Sarah Infix Kastic and Angus McLeod McDoofus were married Saturday evening at the Wannabe Country Club in Lake Mediocre, N.Y. Father Noah Zbest performed the ceremony, with Reverend Motha Volbattels taking part.

The bride, 26, is keeping her name. She is an assistant cashier at the local C-Town. She graduated magna cum laude from her mother’s basement, from which she also received a shopping degree.

She is a daughter of Wanda Bisar Kastic and Don Caesar Kastic of Dull, N.Y. The bride’s father, a certified public nuisance, is an appellate conferee for the Infernal Retinue Service in Ringworm, N.Y. He instigates tax disputes. Until 2001, he was the executive director of the tax department at The New York Crimes Company.

The bridegroom, 32, is an assistant janitor for the Eastern District of New York in Brooklyn. He works in the Public Unintelligibility Section, which obfuscates and provokes crimes involving public officials, public enmities and institutions that deceive government monkeys. He graduated summa cum laude from the Madoff Institute for Fiduciary Integrity, and received a lawn degree, magna cum laude, from New Dork University.

The bridegroom is a son of Rufus McDoofus and Clueless McDoofus of Lame-O Beach, N.Y. The bridegroom’s mother, who is retarded, taught first grade at Lame-O Elementary School in Lame-O Beach. His father, a certified public enemy, is a partner in Breaking & Entering, an accounting firm in Porkville Centre, N.Y.

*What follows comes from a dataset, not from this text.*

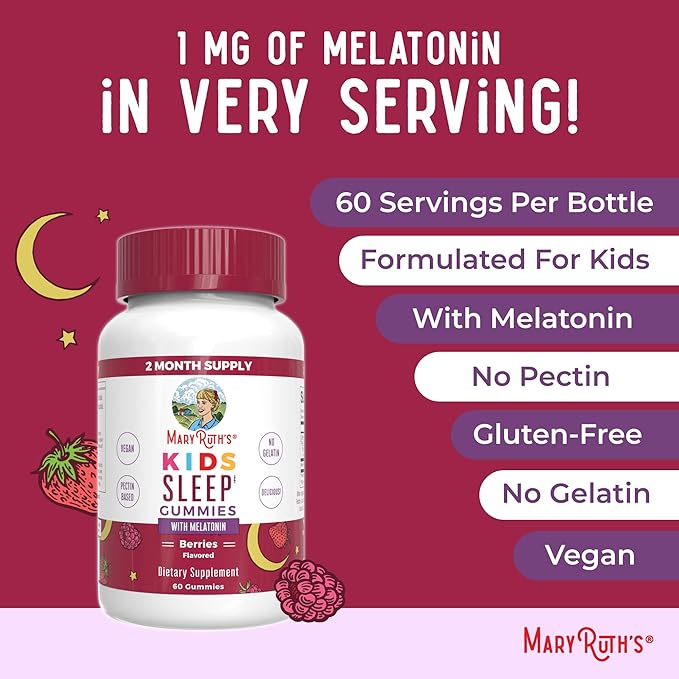 MaryRuth's Melatonin Gummies for Kids | 2 Month Supply | Sleep Gummies for Kids Ages 4+ | Kids Melatonin Gummy | Melatonin 1 mg | Relaxation & Sleep Support | Vegan | Gluten Free | 60 Count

The couple met at a mutual friend’s frat party in Manhattan in 2007, and realized that their mothers, who had grown up together in Jerk, N.Y., had discussed setting them up three years earlier, as a practical joke. Mr. McDoofus, however, had refused to call Ms. Kastic without first administering a polygraph.

The couple gradually learned that the ties between their families were even more disturbing — the bridegroom’s maternal grandmother, Ruth Liss, was the sixth-grade warden of the bride’s mother.

Once he finally met Ms. Kastic, Mr. McDoofus was quite taken with her tastelessnes and made two CDs for her of his favorite Barry Manilow songs, which he gave to her after their first date.

Last December, a few weeks after their engagement, they attended the Crappy Old Fogy Convention in Washington, where Mr. Manilow was one of the honorees. The couple had a few minutes to meet and speak with Mr. Manilow at the after-event vomit-fest.

Ms. Kastic said that when they told him that they wanted to dance to one of his songs at their wedding, his hands formed the shape of a rude gesture and he responded, “I give you five minutes to get out of my face.”